» **Problem requirements**: Each entry has to be given again in its exact wording, and no picture may appear in the result.

» **Source records**:
=== Begin Enclosure ===

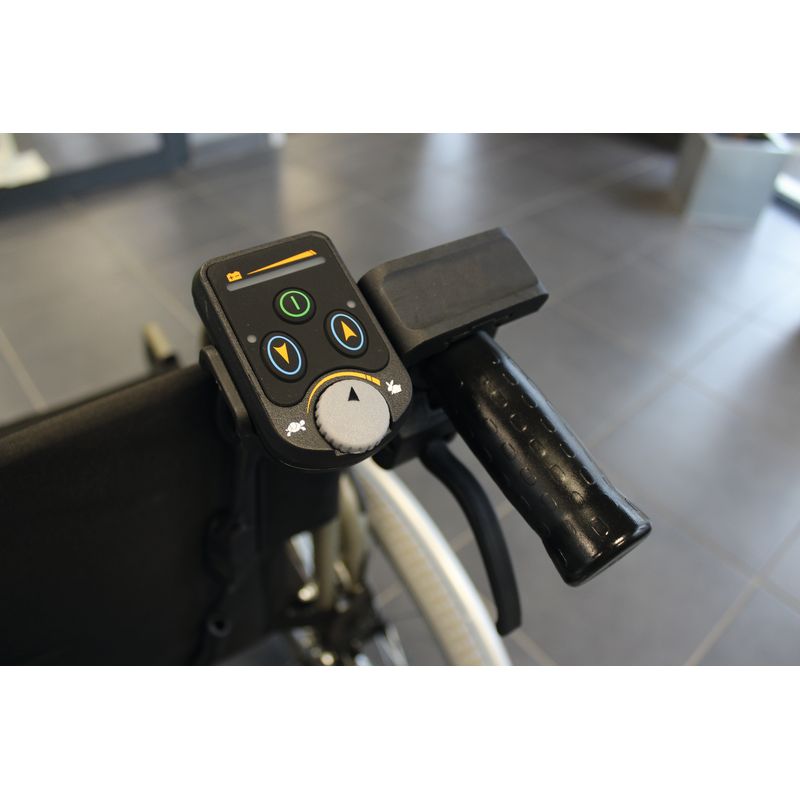 Motorisation de fauteuil roulant manuel Powerstroll S Drive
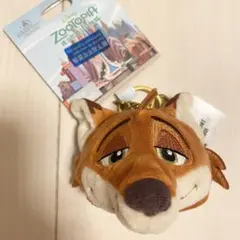 ニック　ズートピア　ファンキャップ　キーホルダー　キーチェーン　ミニ　上海のサムネイル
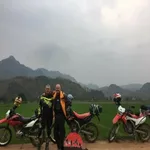 Vietnam Great Motorbike Adventure Tours -14 days - Katie and Kate Party - USA 2017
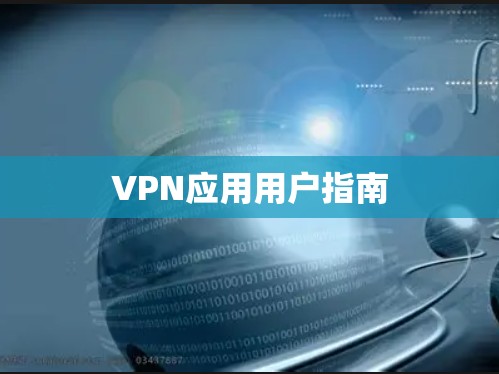 VPN应用用户指南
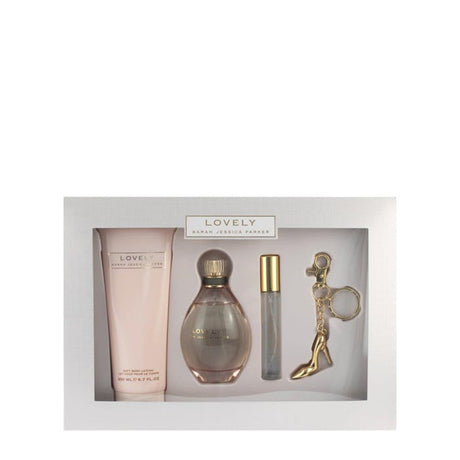 SARAH JESSICA PARKER LOVELY  4PC 100ML EDP GIFTSET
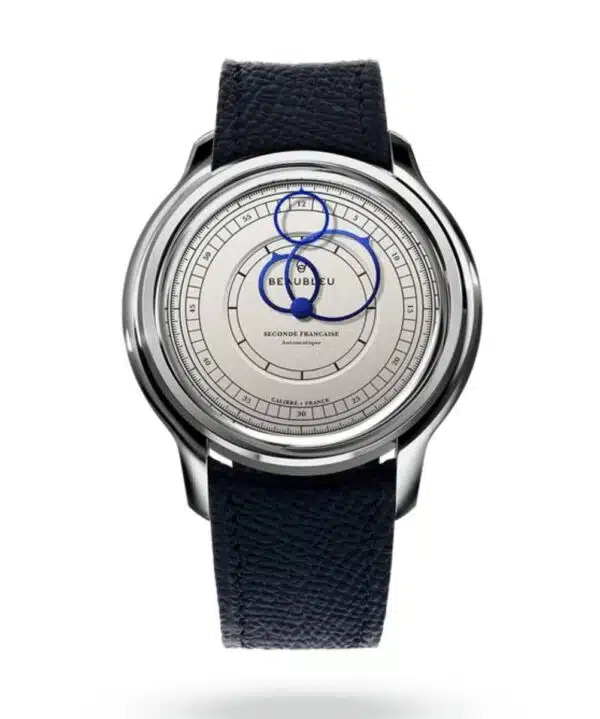Beaubleu Watch SECONDE FRANÇAISE BLANC IVOIRE auto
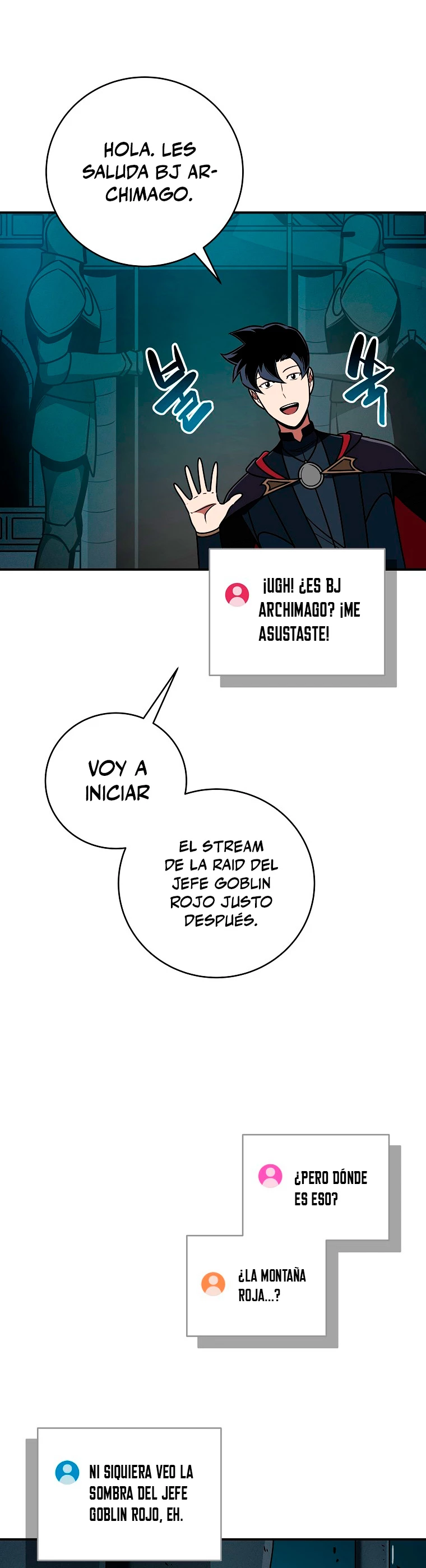 BJ Archimago Capitulo 75 página 25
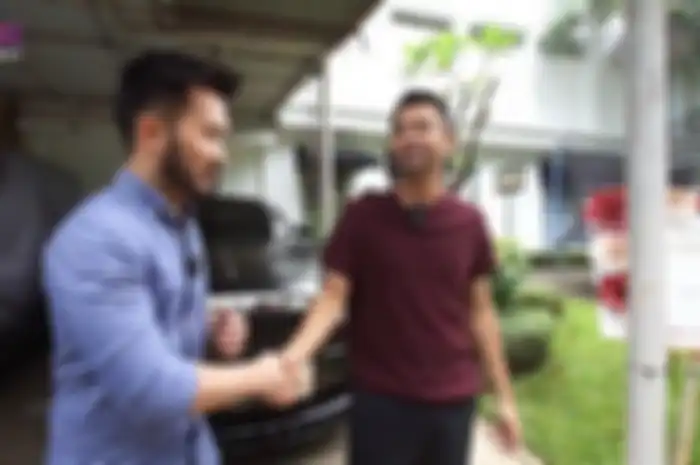 Dibantu Rudy Salim, Raffi Ahmad akan bangun kebun binatang.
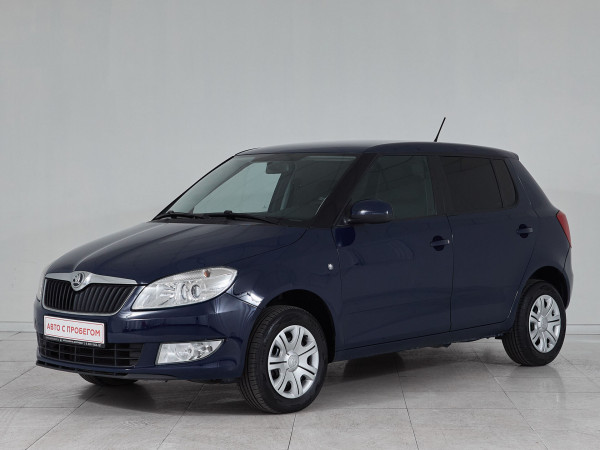 Skoda Fabia, II Рестайлинг 2014 с пробегом 147 200 км.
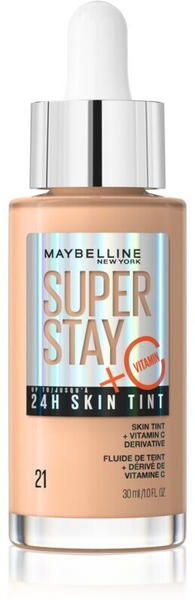 Maybelline Super Stay 24hr Skin Tint with Vitamin C 21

=== End Enclosure ===

» **Task response**:
 Motorisation de fauteuil roulant manuel Powerstroll S Drive
 ニック　ズートピア　ファンキャップ　キーホルダー　キーチェーン　ミニ　上海のサムネイル
 Vietnam Great Motorbike Adventure Tours -14 days - Katie and Kate Party - USA 2017
 VPN应用用户指南
 SARAH JESSICA PARKER LOVELY  4PC 100ML EDP GIFTSET
Beaubleu Watch SECONDE FRANÇAISE BLANC IVOIRE auto
 BJ Archimago Capitulo 75 página 25
 Dibantu Rudy Salim, Raffi Ahmad akan bangun kebun binatang.
 Skoda Fabia, II Рестайлинг 2014 с пробегом 147 200 км.
 Maybelline Super Stay 24hr Skin Tint with Vitamin C 21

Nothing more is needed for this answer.